Leap to heavy industry tried again, modestly

South Korea has found out that money alone can't buy happiness or success - at least not in heavy industry.

Government planners in the mid-1970s saw the country's future prosperity in a rapid shift away from traditional light industries like textiles into the heavy-machinery sector.

Investment was poured into new factories filled with advanced equipment. Several hundred million dollars later, it become apparent that things weren't going as planned.

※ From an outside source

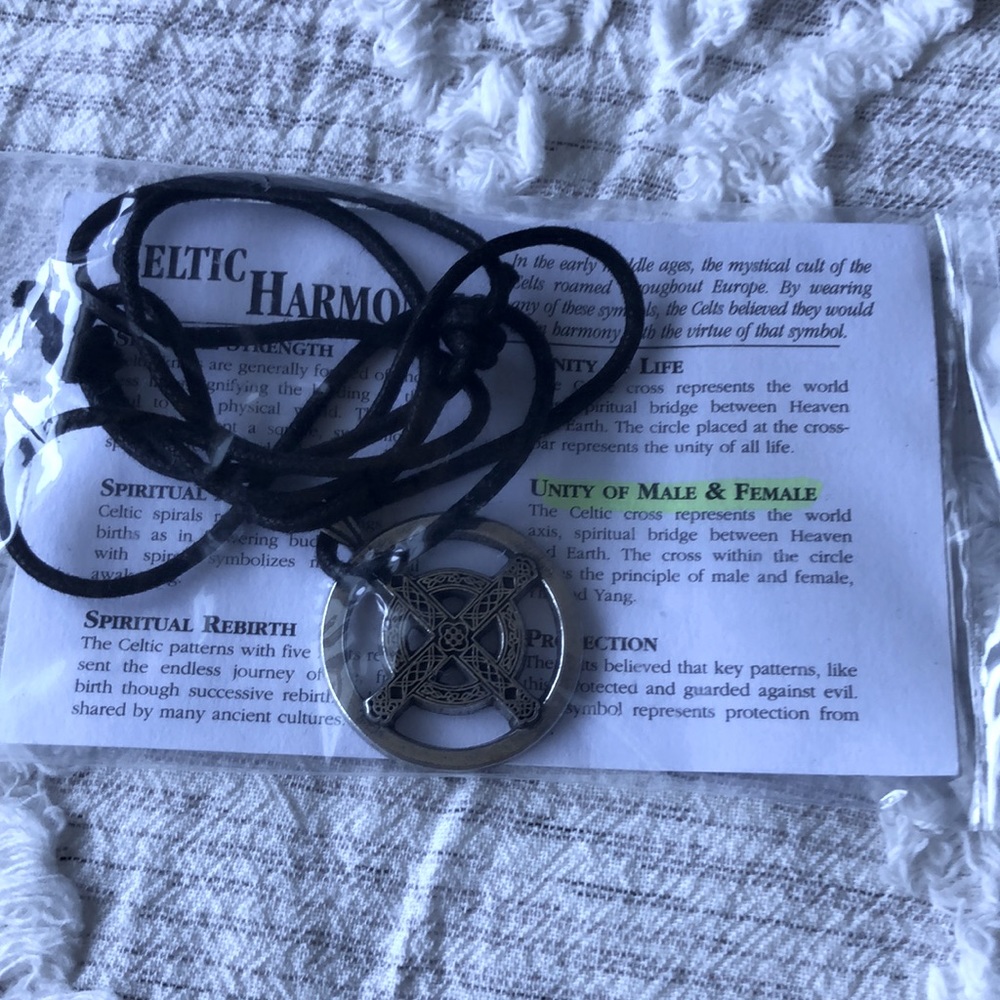 Unity of Male & Female Celtic Harmony Cross in Circle Amulet Neckla…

''The government was right to the extent that the machinery industry is the right one for us,'' Chong Hwan Choi, president of the Hyosung Heavy Industrial Corporation, said. ''But too many people thought that all you had to do was put up a nice building, install modern equipment, and wait for the profits to roll in. They saw only the quantity side and forgot the quality aspects.''

Hyosung, for instance, had three nightmarish years from 1979 to 1981, unable to make a decent profit because of a recession worsened by excessive competition and gross overcapacity. That at least has eased. Two other heavy electrical companies, Kolon and Sangyong, however, found their troubles too much to bear and have folded.

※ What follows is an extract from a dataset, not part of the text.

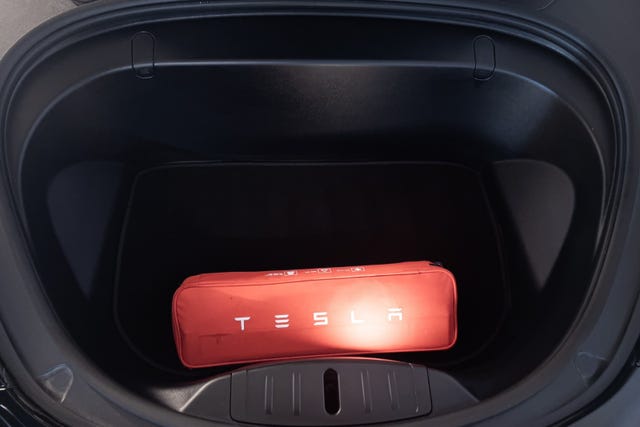 2019 TESLA MODEL 3 - 32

For now, Hyosung's effort is concentrated in Southeast Asia and the Middle East. Eventually, it wants to move into the advanced industrial countries. Mr. Choi sees the company's export weakness as partly a legacy of the overenthusiastic promotion of heavy industry before Korea was ready for it.

''But now morale is picking up and there has been a big increase in productivity. It's an exciting time to be in the business, and I'm glad I made the switch,'' he says.

Much of Hyosung's production is carried on in a relatively outdated suburban Seoul plant. The company, however, is planning to concentrate all its activities at Changwon, on the southern coast, where the government is developing an ambitious park for heavy industry.

Changwon is also just emerging from the woods after several disastrous years that typified what government officials today call the ''delusions of grandeur'' of the former regime.